STORED DATA below:

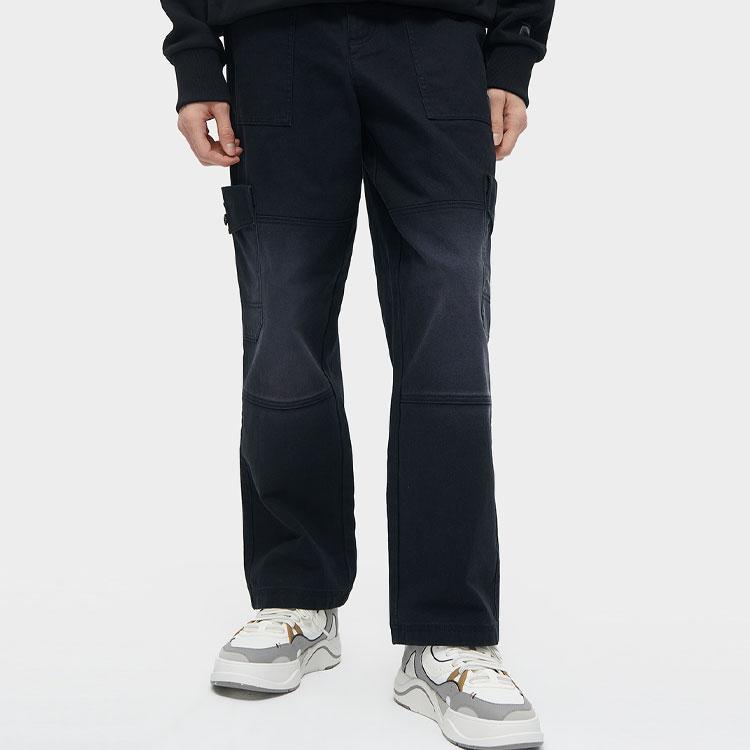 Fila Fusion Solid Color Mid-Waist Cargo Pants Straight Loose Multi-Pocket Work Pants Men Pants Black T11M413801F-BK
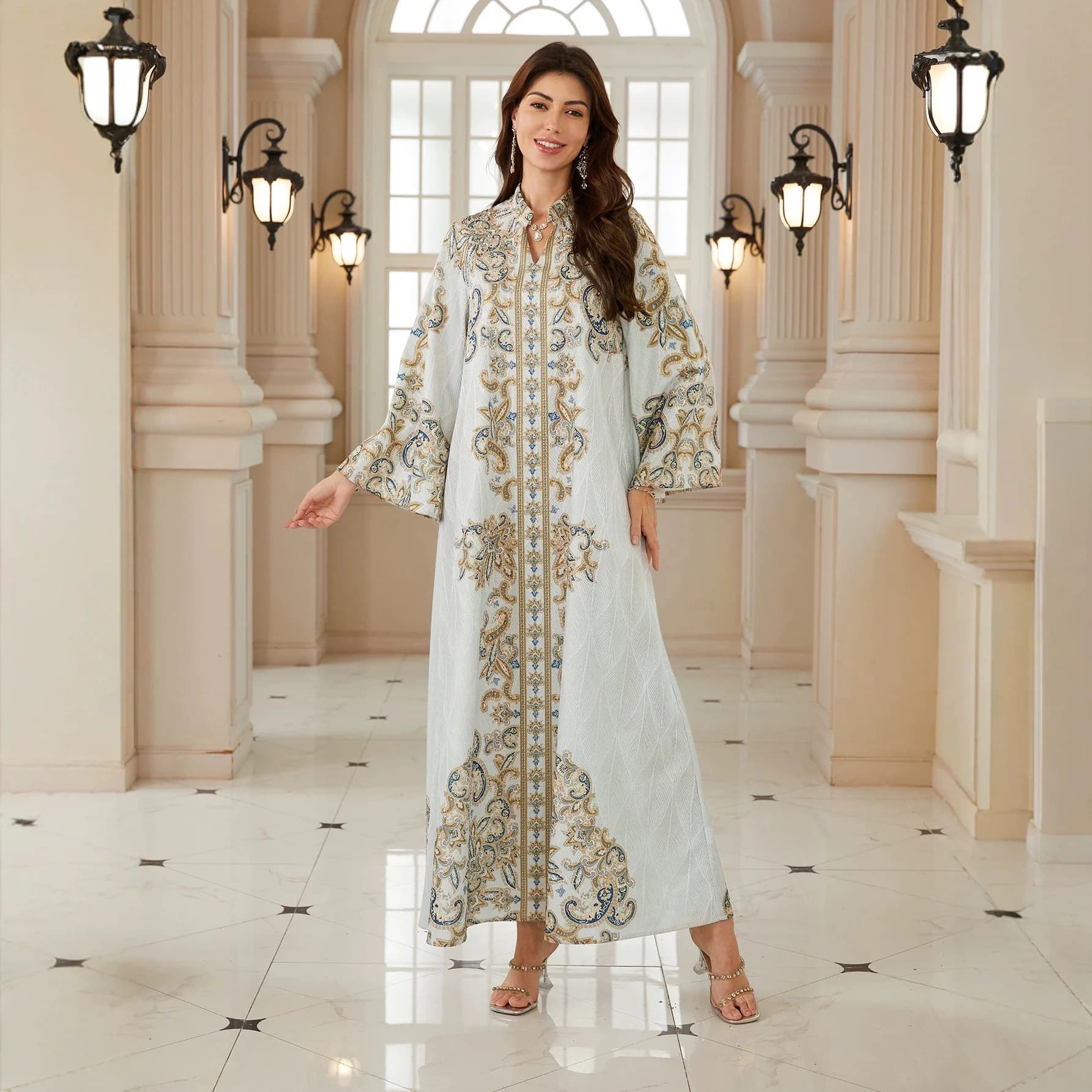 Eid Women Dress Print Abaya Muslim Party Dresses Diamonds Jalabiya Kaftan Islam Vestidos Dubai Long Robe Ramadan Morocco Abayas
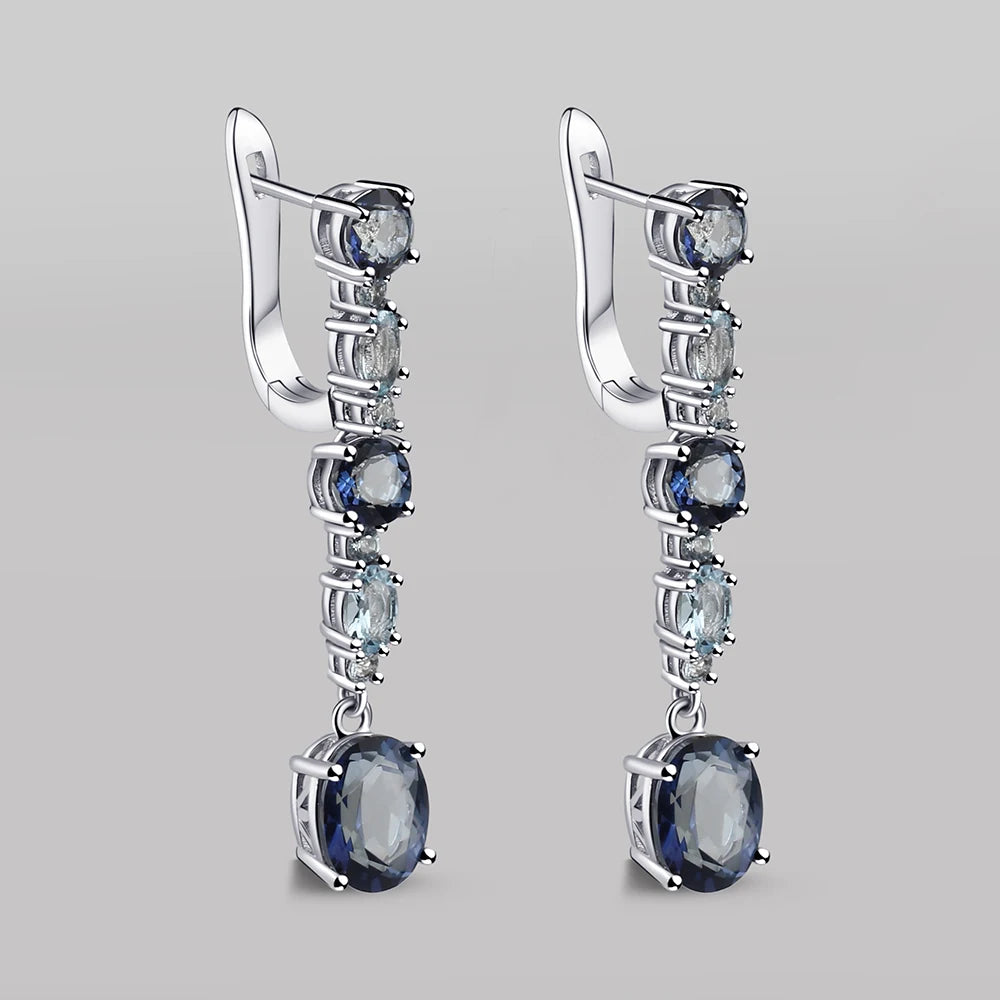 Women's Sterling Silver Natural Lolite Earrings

End of STORED DATA.

### PROBLEM DESCRIPTION
The whole listing should be transcribed exactly, though its pictures must be left out.

### EXERCISE RESPONSE
 Fila Fusion Solid Color Mid-Waist Cargo Pants Straight Loose Multi-Pocket Work Pants Men Pants Black T11M413801F-BK
 Eid Women Dress Print Abaya Muslim Party Dresses Diamonds Jalabiya Kaftan Islam Vestidos Dubai Long Robe Ramadan Morocco Abayas
 Women's Sterling Silver Natural Lolite Earrings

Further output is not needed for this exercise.